Data security is an arms race. Attackers constantly develop more sophisticated attacks and implement them more quickly. The targets of these attacks must continually evolve. It’s not enough to have the right security measures, companies need to make sure they are protecting the right things. Today’s sophisticated attackers look for every vulnerability and will exploit the one opening they find. Additionally, the speed (frequency) of today’s attacks provides little to no recovery time or break between attacks.
The 2013 Data Breach Investigations Report (DBIR) illustrates this rise in both the speed and sophistication of attacks, as well as the challenges organizations face in identifying and combating those attacks.
Increasingly, organizations have only minutes to detect and address security breaches. In fact, 84 percent of intrusions took mere minutes for attackers to execute. Frequently, attackers scanned a company’s systems to identify vulnerabilities which were easy to exploit and then moved quickly once these were identified.

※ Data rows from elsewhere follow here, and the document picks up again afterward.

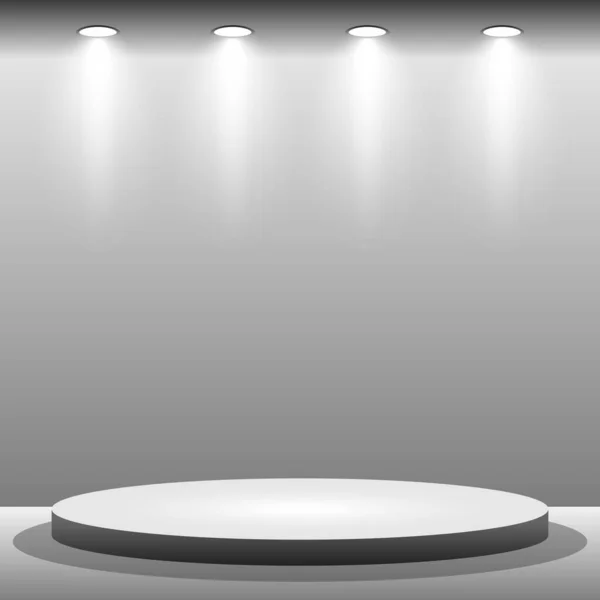 Podium Blanc Rond Réaliste Dans Studio Lumière Illustration Vectorielle — Image vectorielle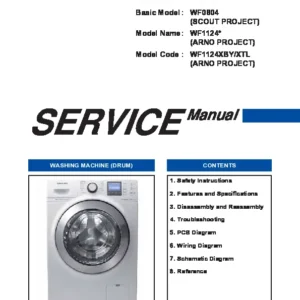 Samsung wf1124xby service manual cover cover with photo of the washing machine, model code and type and manual contents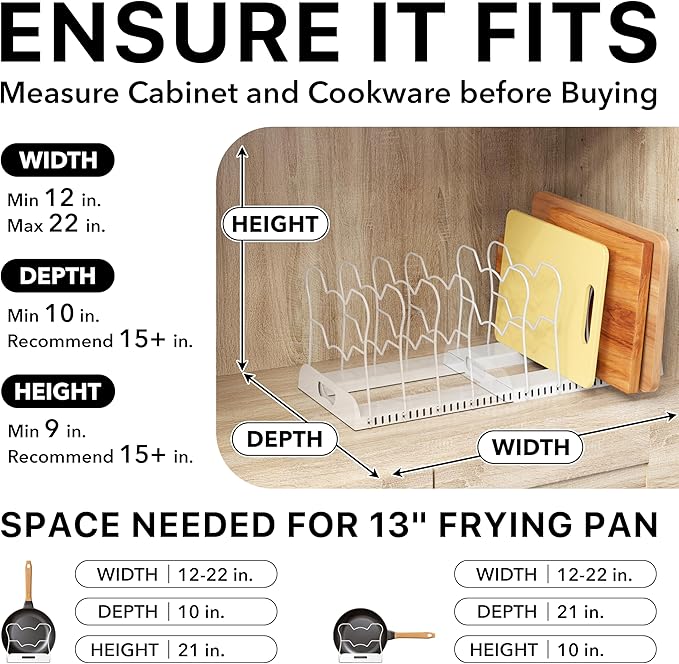 Simple Houseware Expandable Pan Rack 10 Adjustable Compartments, White | Kitchen Cabinet Organizer for Pots, Pans, Lids & Bakeware - Pantry & Countertop Storage - Image 3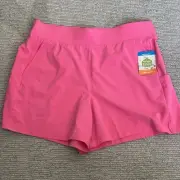 Columbia Womens XL Anytime Flex Short Pink 5” Stretch Flat Front Omni Shield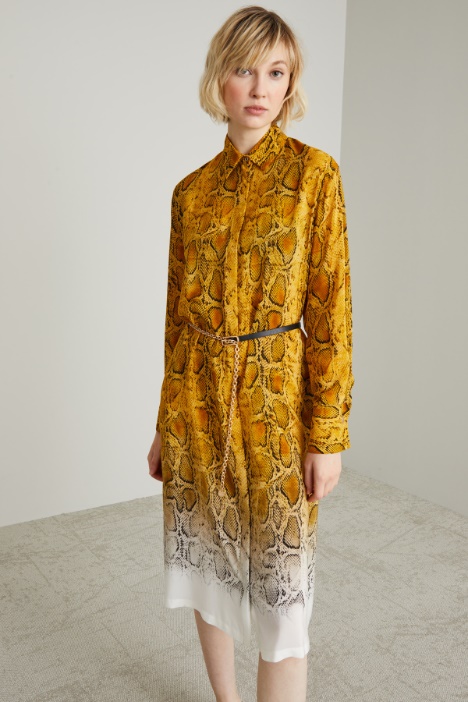 Abito chemisier in seta stampata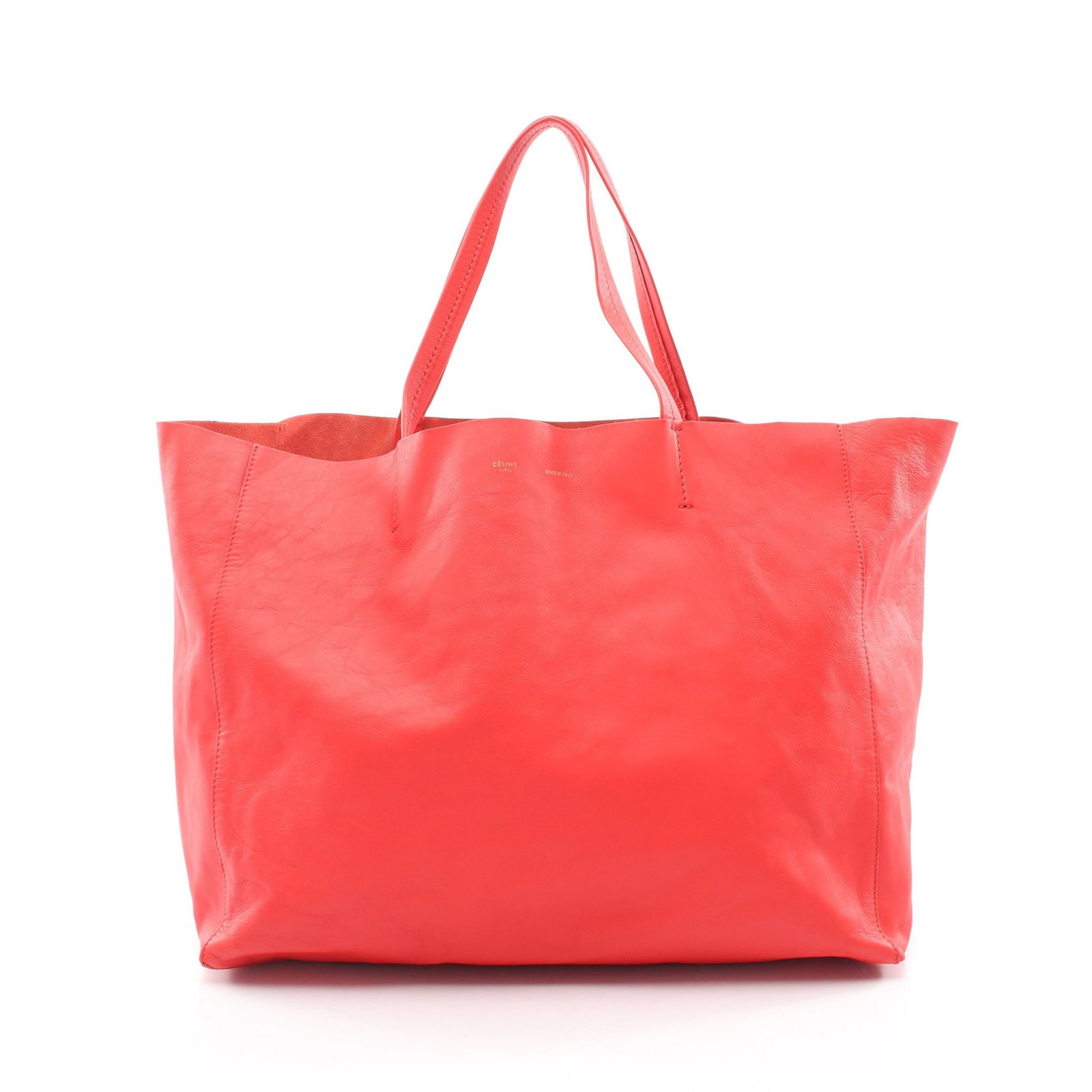 Celine Horizontal Cabas Leather Tote: Authentic and authenticated Celine Horizontal Cabas tote handbag in red leather. Model 166113DBT. Approx. 31H x 53/39W x 19D cm with 44 cm handle. No accessories listed.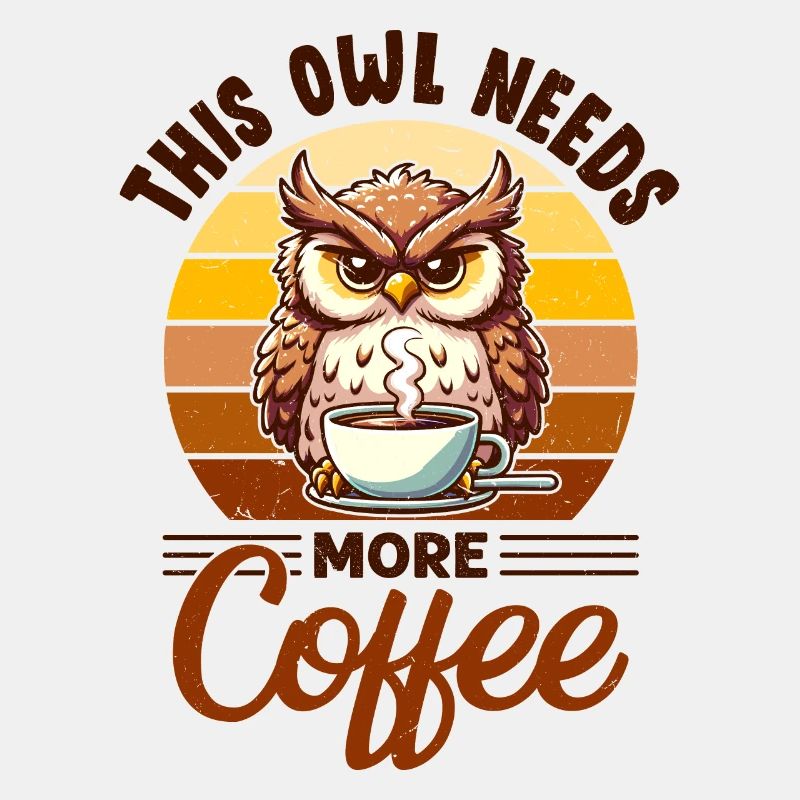 Mürrische Eule Mit Kaffee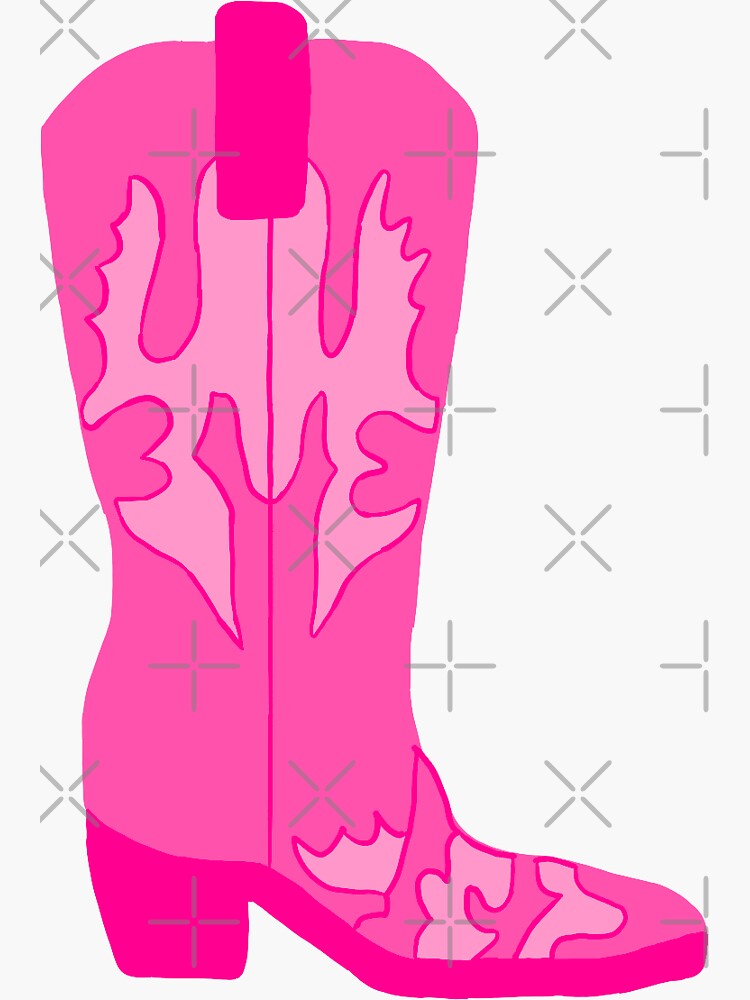 Pink Cowboy Boot Sticker Sticker By Samanthakealy Redbubble 0374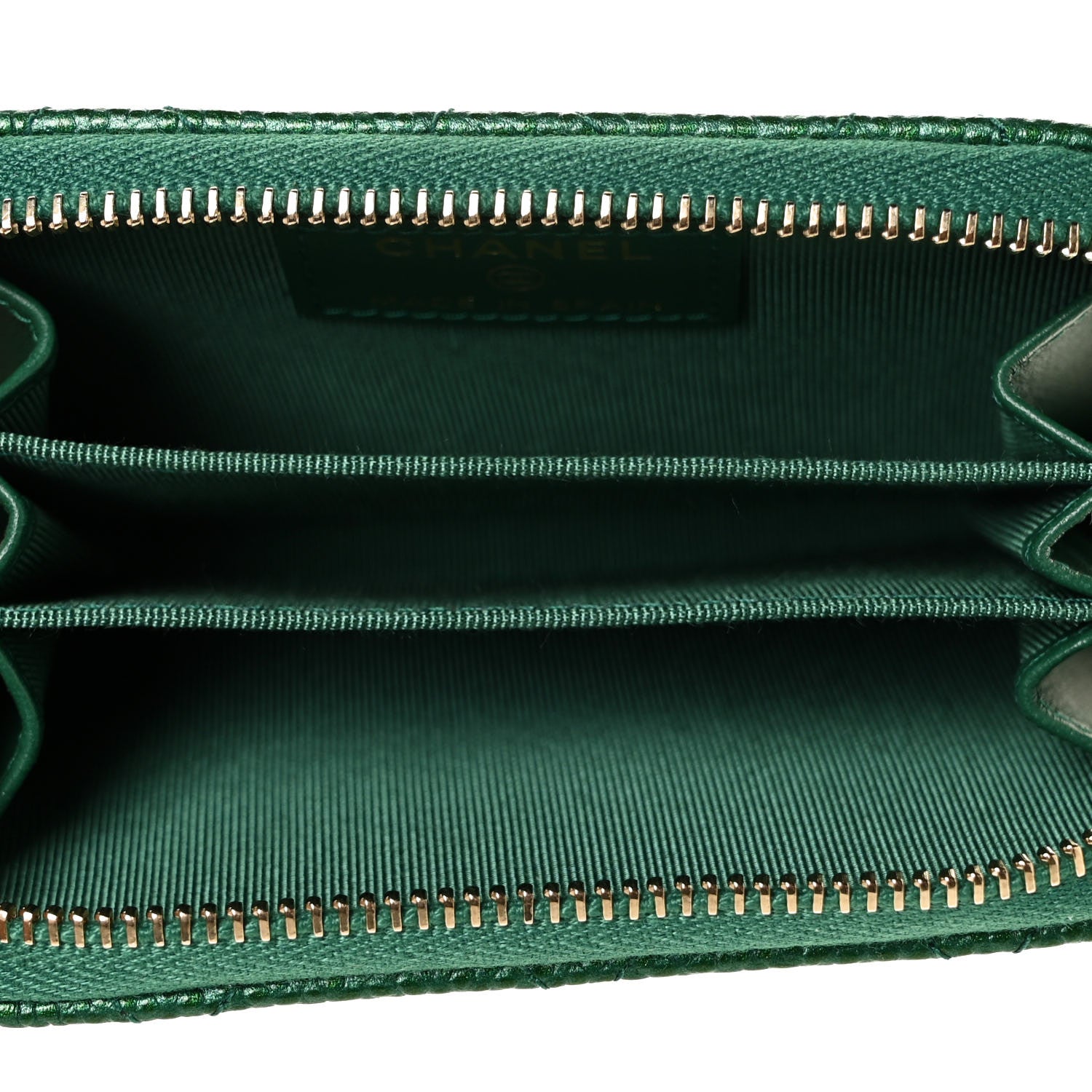 Chanel Metallic Caviar Quilted Zip Coin Purse Green 5 of 10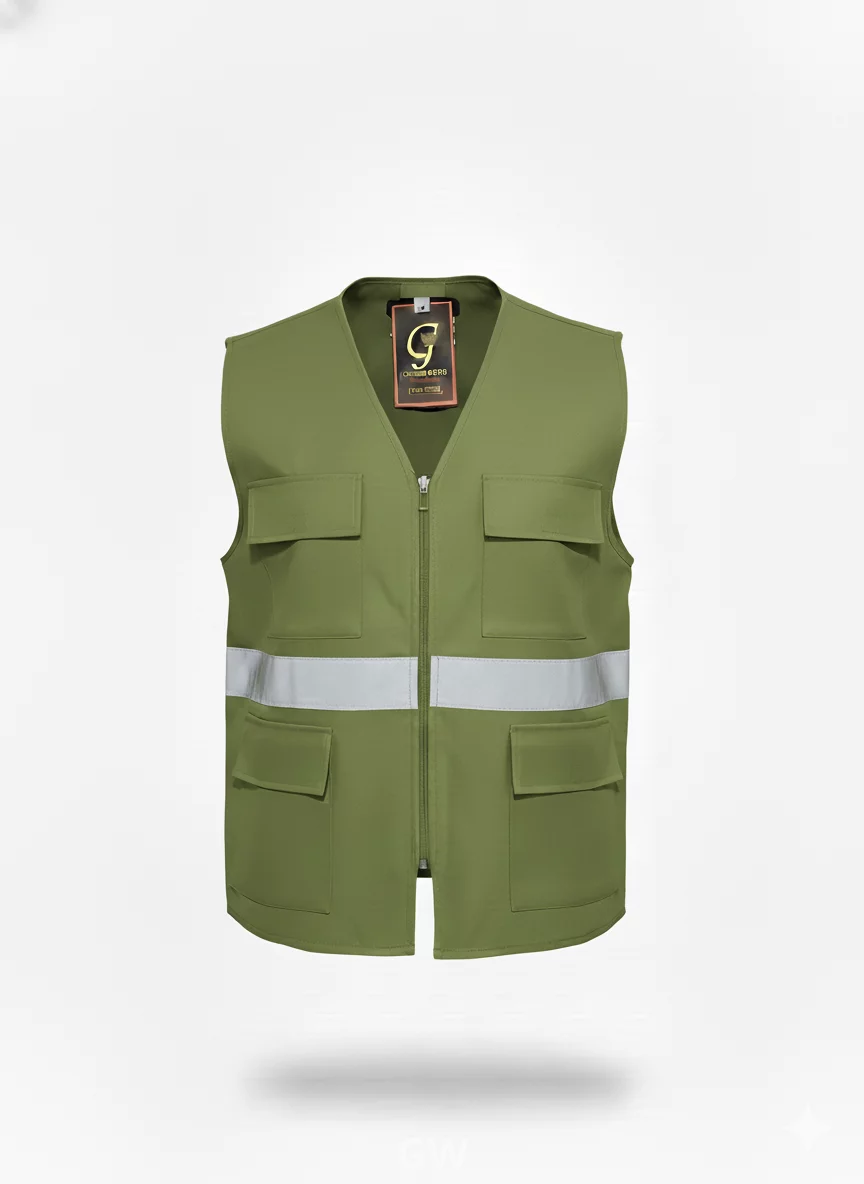 a practical, durable, and highly visible  gabardine vest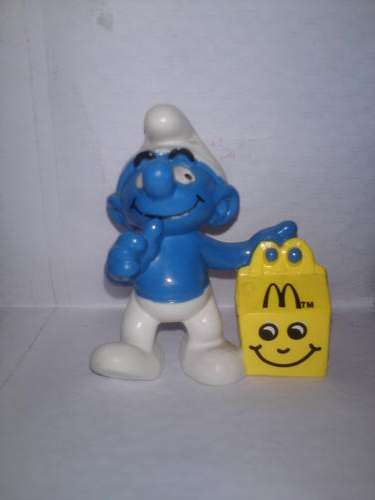 McDonalds Rare Yellow Happy Meal Box Smurf Issued 1997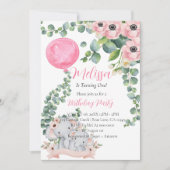 第1誕生日ピンクバルーンユーカリプトゥスゾウ 招待状 (正面)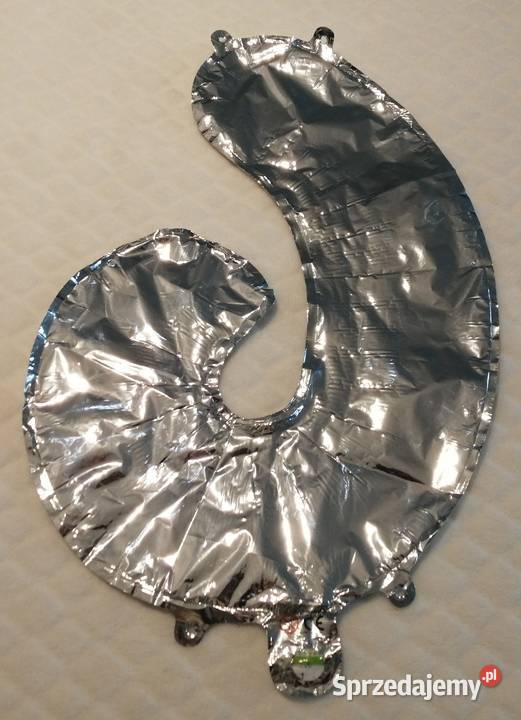 Balon foliowy Cyfra 6 srebrny 35 Zabawka Pozostałe sprzedam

The good news for these potential victims is that not all attackers move quickly to access or steal sensitive data. In 28 percent of cases studied as part of the DBIR, it took attackers weeks to find and extract valuable data. This provides an opportunity to organizations that are able to detect and address attacks quickly. However, few organizations were able to react quickly enough. The DBIR reported that 66 percent of breaches went undetected for months.
This is a problem, but it also presents an opportunity.
Businesses that invest in rapid response security services are able to take advantage of that “golden hour” after a breach to stop attackers before they are able to access sensitive data. Similarly, monitoring traffic and event logs as part of a regular process can detect often subtle changes in network activity, identifying attackers as they are looking for those easy to exploit vulnerabilities. The key is having skilled security experts watching the network before an incident occurs so that they are move quickly once trouble arises.
A comprehensive security program is increasingly important because of the growing sophistication of attacks. Attackers are using a variety of attacks to gain access to their targets. Nineteen percent of breaches studied for the DBIR combined phishing, malware, hacking and entrenchment – an approach that has proven to be very successful. Moreover, companies often over-rate their level of security and do not really know how to determine real from perceived threats. They deploy security solutions randomly – or worse, based on inaccurate information – and leave vulnerabilities which are easy for attackers to exploit. In fact, 78 percent of attacks took little or no special skills or resources. Attackers know companies are scared and they are using that panic against them.
Addressing these threats requires a sophisticated, evidence-based and strategic approach. It begins with understanding the nature of a company’s data, identifying which is most valuable and would cause the greatest damage (to the bottom line or a company’s reputation) if exploited. The next step is addressing vulnerabilities associated with that data and creating processes specifically designed to keep that data safe. Once this is done companies are able to “right size” their security services – increasing security around the most critical data and greatest potential vulnerabilities and dialing back in areas that pose little inherent risk or potential damage.
Each year cyber threats increase. So each year companies must improve their security measures to address this new level of danger. Companies must listen to the experts and focus on the most vulnerable data and greatest threats. This will help reduce the chance of a breach. However, should an intrusion attempt succeed, reacting quickly to address it is the best action to mitigate the damage.